Le Conseil constitutionnel, par sa décision n° 2025-6482 AN du 19 juin 2025, se prononce sur le financement des campagnes électorales législatives de l’été 2024. Un candidat s’est vu opposer le rejet de son compte par la commission nationale compétente en raison de l’absence totale de compte bancaire dédié. L’organe de contrôle des comptes de campagne a saisi la juridiction constitutionnelle le 7 février 2025 après avoir rendu sa décision initiale de rejet. Le candidat n’a produit aucune observation suite à la communication des pièces du dossier par les services du secrétariat général de la juridiction saisie. Le litige invite à déterminer si l’absence de compte bancaire spécifique constitue un manquement assez grave pour justifier l’inéligibilité du candidat fautif.

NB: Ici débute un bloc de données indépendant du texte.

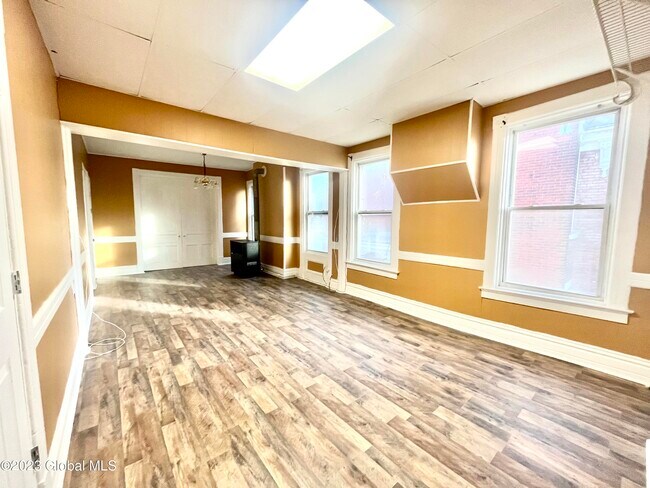 Foto del edificio - 703 2nd Ave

Le juge constitutionnel décide que l’absence de compte est établie et prononce une inéligibilité d’un an pour sanctionner cette méconnaissance des règles du financement. L’étude de cette solution suppose d’analyser la rigueur du formalisme comptable lié au mandataire avant d’apprécier la portée de la sanction d’inéligibilité prononcée.
I. La rigueur impérative du formalisme comptable lié au mandataire financier
A. Le caractère substantiel de l’ouverture d’un compte bancaire unique
Le code électoral impose au mandataire d’ouvrir un « compte bancaire ou postal unique retraçant la totalité de ses opérations financières » selon l’article L. 52-6. Cette obligation permet une traçabilité rigoureuse des fonds afin de garantir la sincérité du scrutin et le respect effectif du plafonnement des dépenses électorales. En l’espèce, le candidat a totalement omis de satisfaire à cette exigence légale indispensable pour le contrôle exercé par la commission nationale des comptes de campagne.
B. La sanction automatique du défaut de traçabilité bancaire
Le Conseil constitutionnel confirme que le manquement à l’obligation bancaire justifie pleinement la décision de rejet prise par la commission nationale le 30 janvier 2025. La jurisprudence considère traditionnellement que l’absence de compte dédié empêche toute vérification sérieuse des flux financiers ayant servi à la promotion d’une candidature politique. Le juge électoral relève sobrement que « cette circonstance est établie » pour valider juridiquement le rejet du compte de campagne initialement présenté par le candidat.
La validation du rejet du compte entraîne mécaniquement l’examen de la capacité du candidat à se présenter de nouveau aux suffrages des électeurs nationaux.
II. L’application proportionnée de la sanction d’inéligibilité
A. La qualification de manquement d’une particulière gravité
L’article L.O. 136-1 du code électoral permet au juge de déclarer inéligible le candidat auteur d’un manquement d’une particulière gravité aux règles de financement. Le Conseil estime que l’omission constitue un « manquement d’une particulière gravité » à une règle dont le candidat ne pouvait absolument pas ignorer la portée juridique. L’omission ne relève plus ici d’une simple erreur matérielle mais d’une méconnaissance structurelle des principes fondamentaux régissant l’équilibre financier de la compétition électorale.
B. La détermination d’une durée d’inéligibilité d’un an
Le Conseil prononce une « inéligibilité à tout mandat pour une durée d’un an » à compter de la date de notification de la décision juridictionnelle. Cette sanction tempérée illustre la volonté du juge d’adapter la peine à la nature du manquement sans pour autant prononcer le maximum prévu par la loi. Le juge veille ainsi à sanctionner fermement l’opacité financière tout en préservant le droit au suffrage dans un délai raisonnable pour les échéances électorales ultérieures.